7.13 Governing Law. The Plan, each award granted hereunder and the related Agreement, and all determinations made and actions taken pursuant thereto, to the extent not otherwise governed by the Code or the laws of the United States, shall be governed by the laws of the State of Delaware and construed in accordance therewith without giving effect to principles of conflicts of laws.
7.14 Severability. If a provision of the Plan shall be held illegal or invalid, the illegality or invalidity shall not affect the remaining parts of the Plan and the Plan shall be construed and enforced as if the illegal or invalid provision had not been included in the Plan.
7.15 Awards Subject to Clawback. The awards granted under the Plan and any cash payment or shares of Common Stock delivered pursuant to such an award are subject to forfeiture, recovery by the Company or other action pursuant to the applicable Agreement or any clawback or recoupment policy which the Company may adopt from time to time, including without limitation any such policy which the Company may be required to adopt under the Dodd-Frank Wall Street Reform and Consumer Protection Act and implementing rules and regulations thereunder, or as otherwise required by law.

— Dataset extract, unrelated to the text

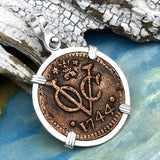 VOC - Dutch East India Company Shipwreck - I Struggle and Survive - 1744 1 Duit Sterling Silver Pendant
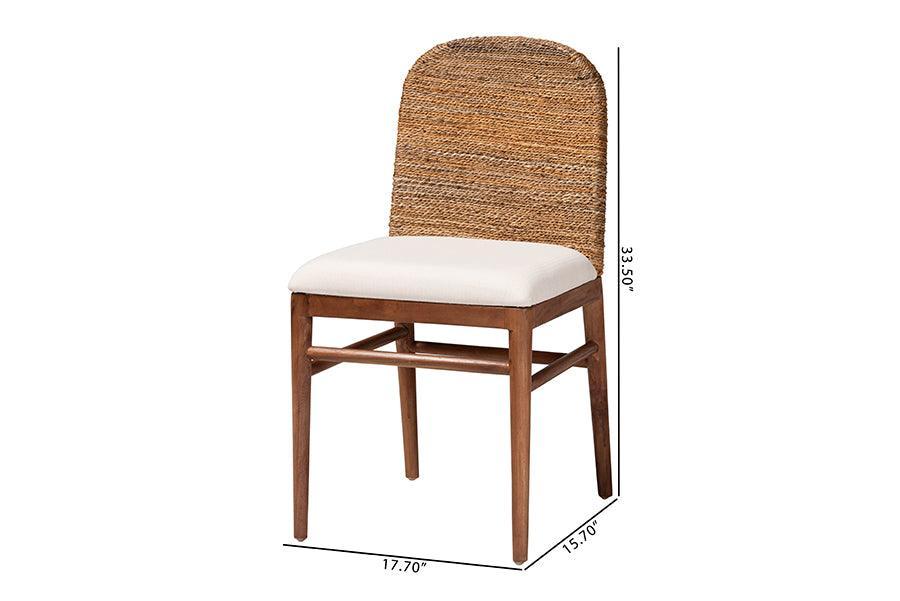 bali & pari Nadim Modern Bohemian Natural Seagrass and Acacia Wood 2-Piece Dining Chair Set FredCo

7.16 Compliance with Section 409A of the Code. It is intended that the Plan be exempt from the requirements of section 409A of the Code to the maximum extent possible. To the extent the Plan is subject to the requirements of section 409A of the Code, it is intended that the Plan comply with such requirements to the maximum extent possible. The Plan shall be administered and interpreted in a manner consistent with this intent. Notwithstanding the foregoing, no particular tax result for an employee with respect to any income recognized by the employee in connection with the Plan is guaranteed under the Plan, and the employee solely shall be responsible for any taxes, interest, penalties or other amounts imposed on the employee in connection with the Plan. A termination of employment for purposes of any provision of the Plan or an Agreement providing for the payment of any amounts upon or following termination of employment with respect to any award subject to section 409A of the Code shall be deemed to mean a Separation from Service to the extent required by section 409A.